**ENTRIES SUPPLIED**.
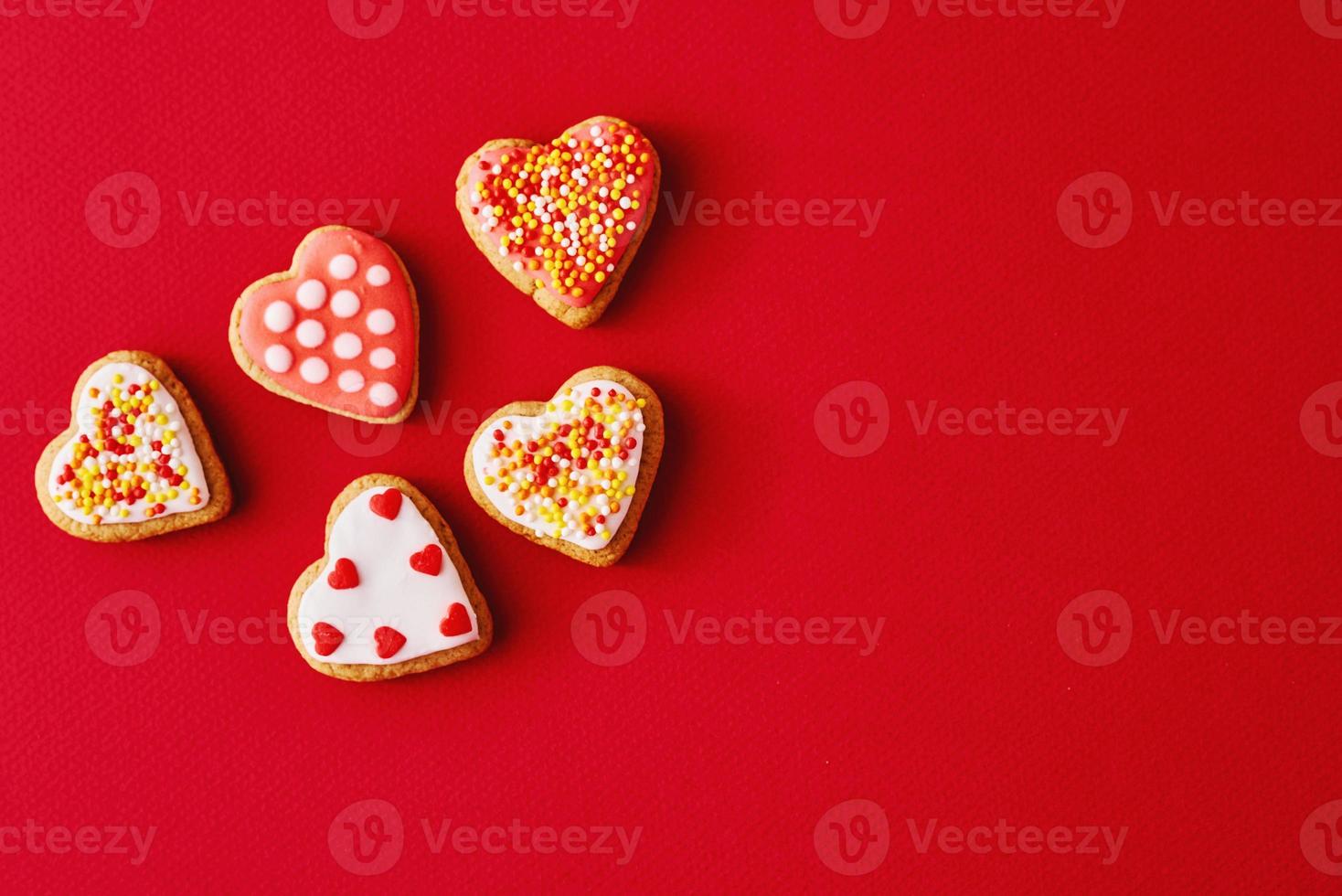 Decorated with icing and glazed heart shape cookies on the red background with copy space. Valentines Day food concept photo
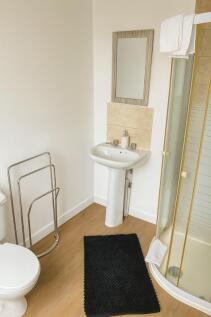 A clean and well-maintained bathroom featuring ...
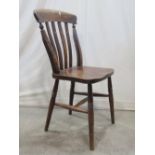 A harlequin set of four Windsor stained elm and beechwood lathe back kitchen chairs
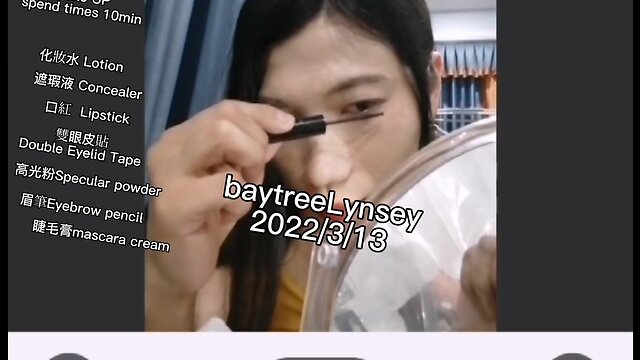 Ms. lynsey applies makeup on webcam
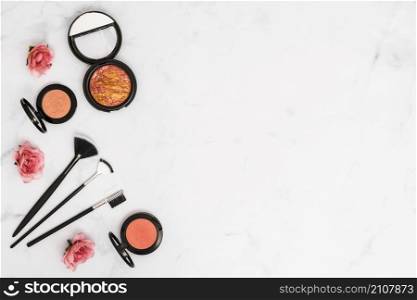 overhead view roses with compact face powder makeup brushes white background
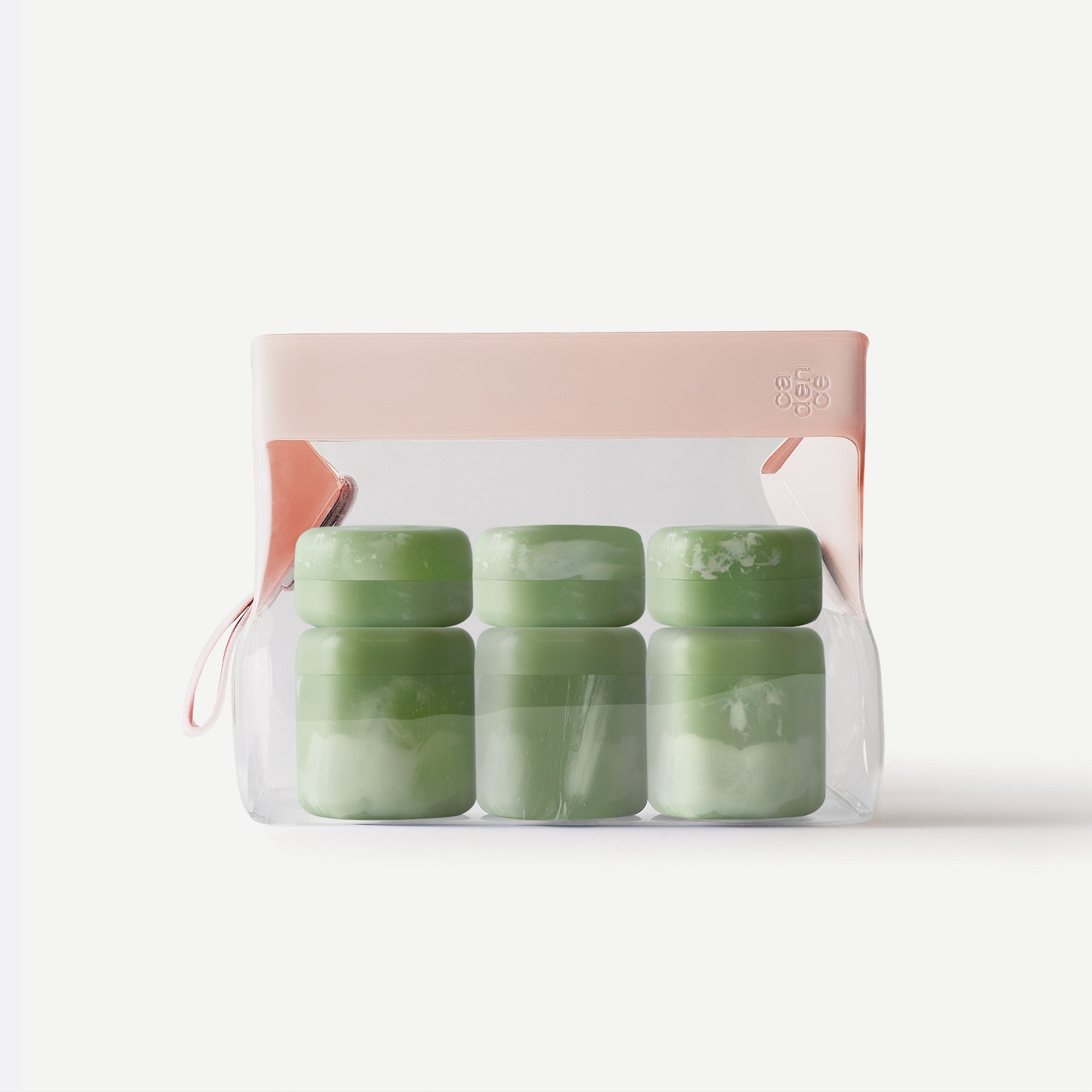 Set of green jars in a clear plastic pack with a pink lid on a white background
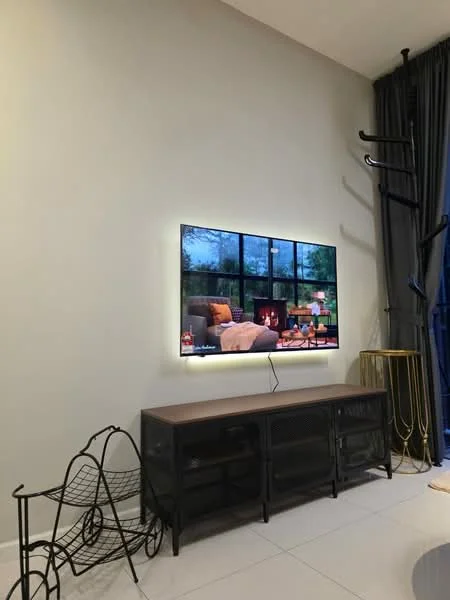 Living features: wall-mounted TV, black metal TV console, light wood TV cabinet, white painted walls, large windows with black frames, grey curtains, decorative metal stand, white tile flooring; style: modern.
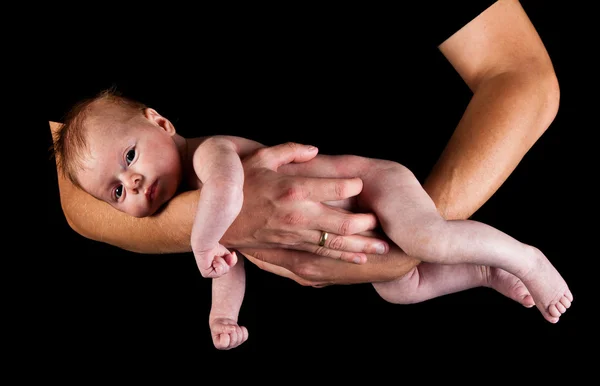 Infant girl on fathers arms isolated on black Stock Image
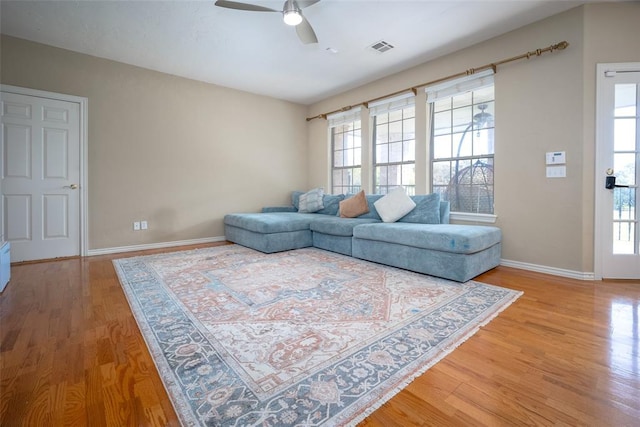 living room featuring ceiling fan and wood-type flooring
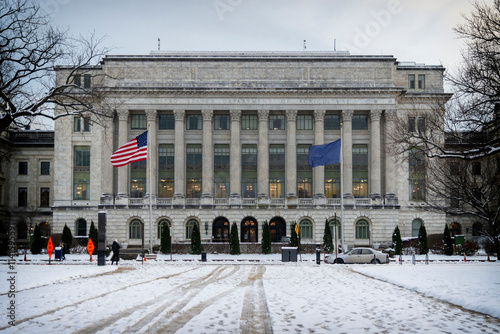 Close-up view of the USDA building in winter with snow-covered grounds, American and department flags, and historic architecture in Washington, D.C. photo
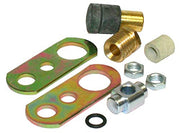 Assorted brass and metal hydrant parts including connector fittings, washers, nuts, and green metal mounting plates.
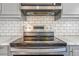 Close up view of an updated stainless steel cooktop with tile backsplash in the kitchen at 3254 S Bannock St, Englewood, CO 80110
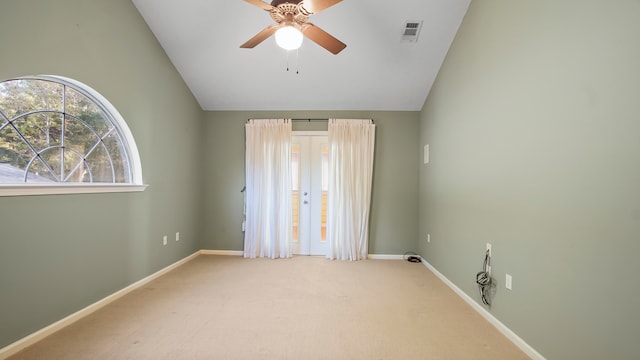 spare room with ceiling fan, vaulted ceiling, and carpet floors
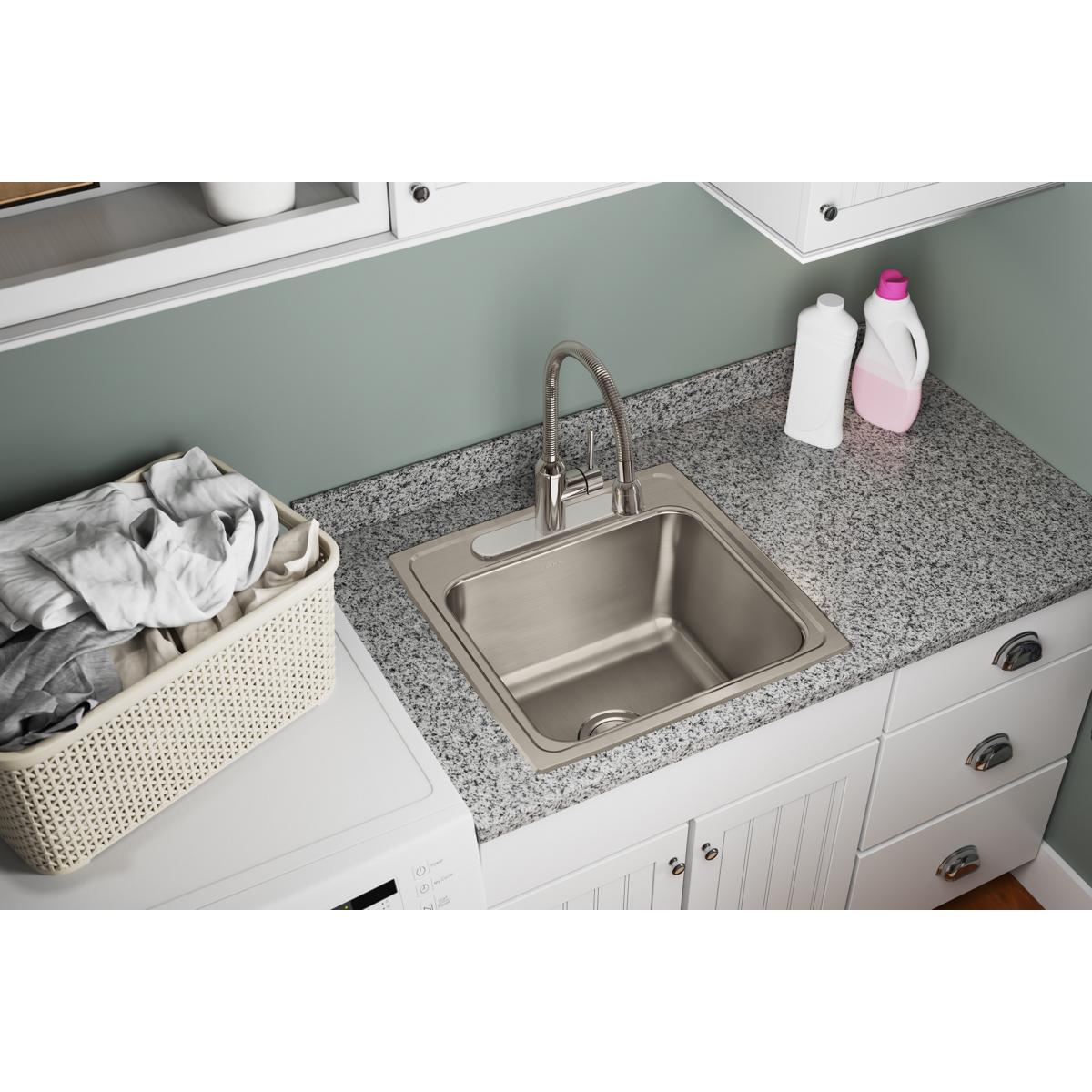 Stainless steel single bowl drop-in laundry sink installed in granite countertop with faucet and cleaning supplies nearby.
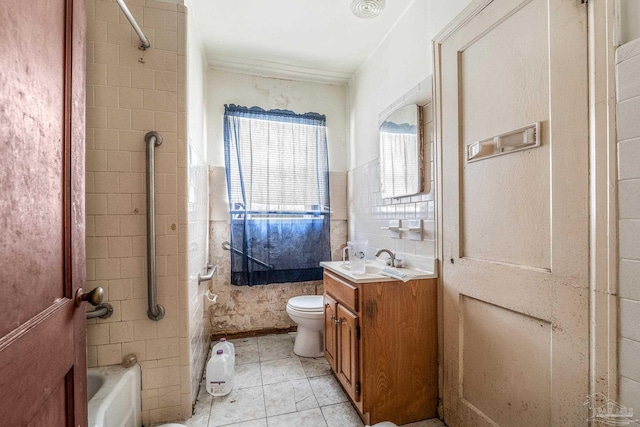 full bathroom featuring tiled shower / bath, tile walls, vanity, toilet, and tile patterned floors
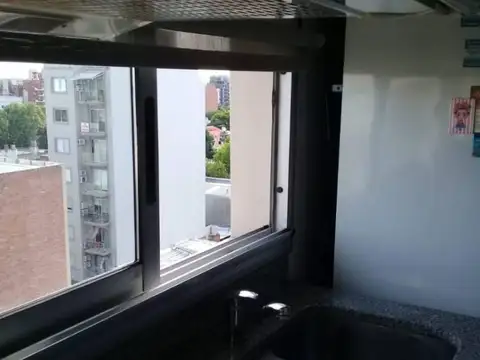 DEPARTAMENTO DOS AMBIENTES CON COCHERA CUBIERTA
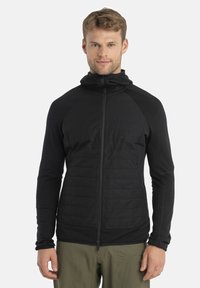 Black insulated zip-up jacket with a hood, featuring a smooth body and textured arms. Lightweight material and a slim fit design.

**REQUIRED ACTION**. Would it be possible to reproduce the material word for word, images omitted?

**SOLUTION FOR THIS EXERCISE**.
 Decorated with icing and glazed heart shape cookies on the red background with copy space. Valentines Day food concept photo
 A clean and well-maintained bathroom featuring ...
 A harlequin set of four Windsor stained elm and beechwood lathe back kitchen chairs
 Ms. lynsey applies makeup on webcam
 overhead view roses with compact face powder makeup brushes white background
 Set of green jars in a clear plastic pack with a pink lid on a white background
 Living features: wall-mounted TV, black metal TV console, light wood TV cabinet, white painted walls, large windows with black frames, grey curtains, decorative metal stand, white tile flooring; style: modern.
 Infant girl on fathers arms isolated on black Stock Image
 living room featuring ceiling fan and wood-type flooring
 Close-up view of the USDA building in winter with snow-covered grounds, American and department flags, and historic architecture in Washington, D.C. photo
 Assorted brass and metal hydrant parts including connector fittings, washers, nuts, and green metal mounting plates.
 Close up view of an updated stainless steel cooktop with tile backsplash in the kitchen at 3254 S Bannock St, Englewood, CO 80110
 spare room with ceiling fan, vaulted ceiling, and carpet floors
 Stainless steel single bowl drop-in laundry sink installed in granite countertop with faucet and cleaning supplies nearby.
 full bathroom featuring tiled shower / bath, tile walls, vanity, toilet, and tile patterned floors
 DEPARTAMENTO DOS AMBIENTES CON COCHERA CUBIERTA
 Black insulated zip-up jacket with a hood, featuring a smooth body and textured arms. Lightweight material and a slim fit design.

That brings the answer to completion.